Home Reading xml files from S3 bucket in Python – Only the content of the last file is getting stored

Questions

Reading xml files from S3 bucket in Python – Only the content of the last file is getting stored

May 5, 2022

I have 4 XML files inside the S3 bucket directory. When I’m trying to read the content of all the files, I find that only the content of the last file (XML4) is getting stored.

s3_bucket_name='test'
bucket=s3.Bucket(s3_bucket_name)
bucket_list = []
for file in bucket.objects.filter(Prefix = 'auto'):
    file_name=file.key
    if file_name.find(".xml")!=-1:
        bucket_list.append(file.key)

In the ‘bucket_list’, I can see that there are 4 files

for file in bucket_list:
    obj = s3.Object(s3_bucket_name,file)
    data = (obj.get()['Body'].read())
    
    
tree = ET.ElementTree(ET.fromstring(data))

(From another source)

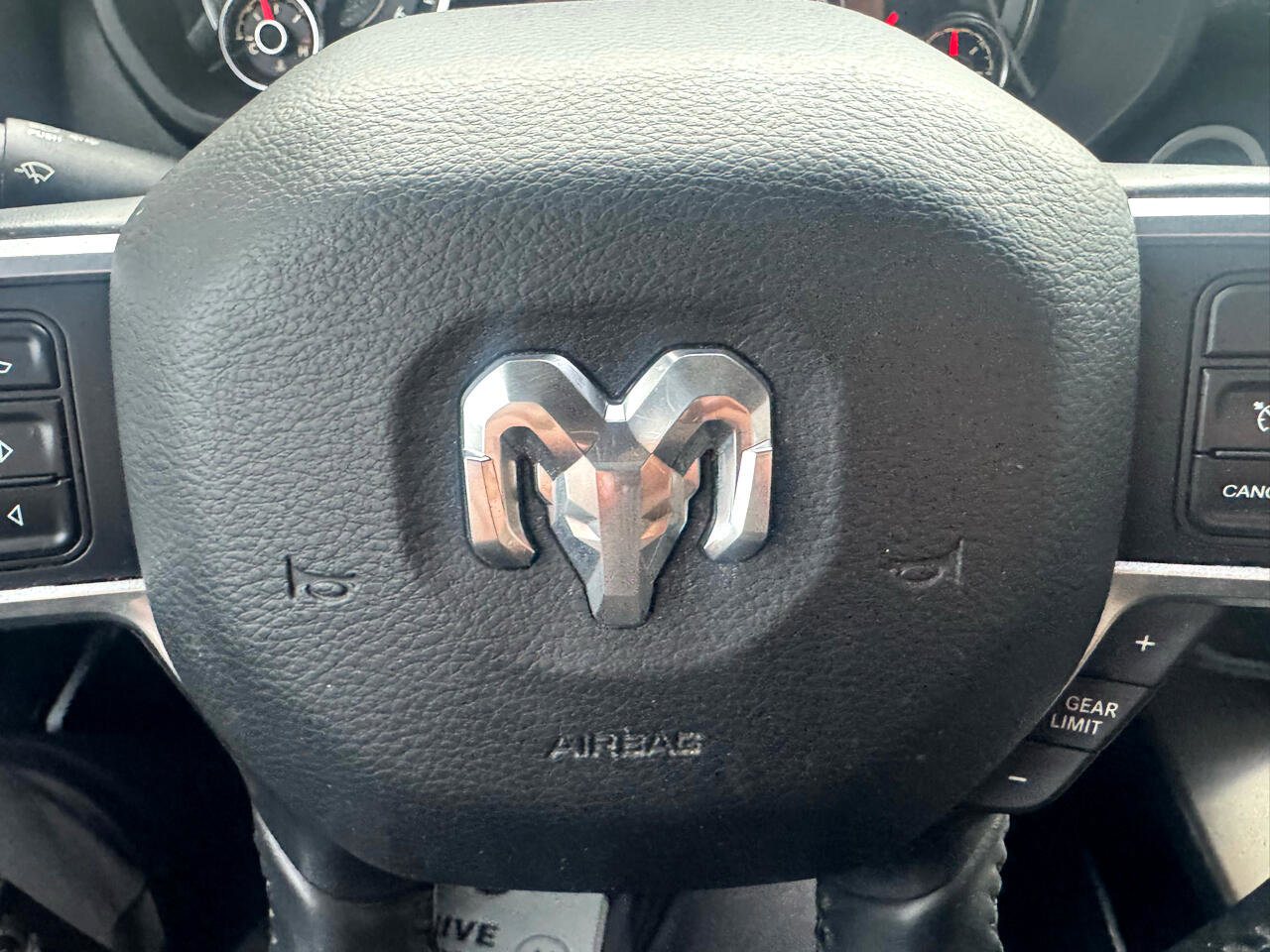 Used 2020 RAM 2500 Laramie image 18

What changes should be made in the code to read the content of all the XML files?

>Solution :

As mentioned, since you have a list of files, you need a corresponding list of trees.

tree_list = []

for file in bucket_list:
    obj = s3.Object(s3_bucket_name,file)
    data = (obj.get()['Body'].read())
    tree_list.append(ET.ElementTree(ET.fromstring(data)))

Then you can start using tree_list for whatever purpose.